§ **Work to complete**: Restate the whole of the data below word for word, skipping the images.

§ **Recorded data**:
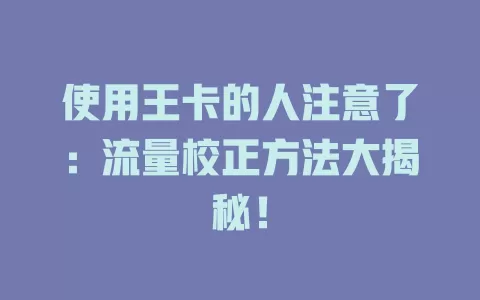 使用王卡的人注意了：流量校正方法大揭秘！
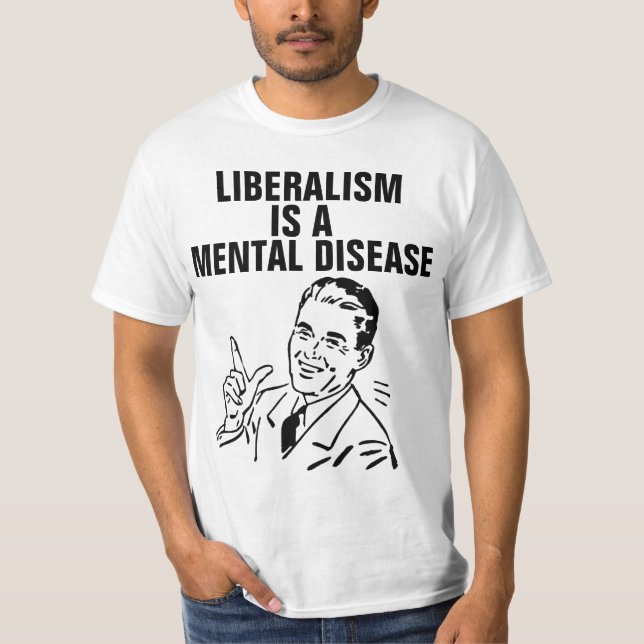 EL LIBERALISMO ES UNA CAMISETA DE ENFERMEDAD MENTA (Anverso)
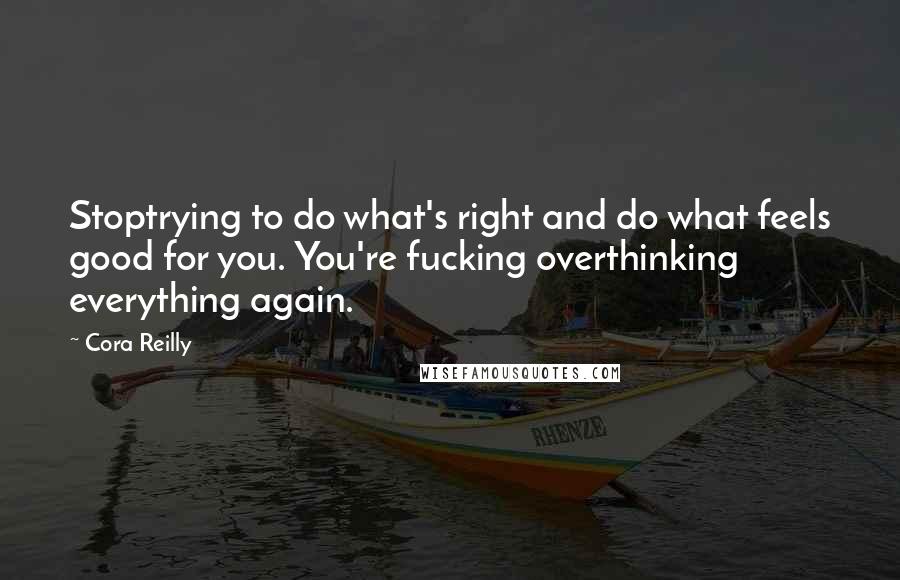 Cora Reilly Quotes: Stoptrying to do what's right and do what feels good for you. You're fucking overthinking everything again.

§ **Your response**:
 使用王卡的人注意了：流量校正方法大揭秘！
 EL LIBERALISMO ES UNA CAMISETA DE ENFERMEDAD MENTA (Anverso)
 Cora Reilly Quotes: Stoptrying to do what's right and do what feels good for you. You're fucking overthinking everything again.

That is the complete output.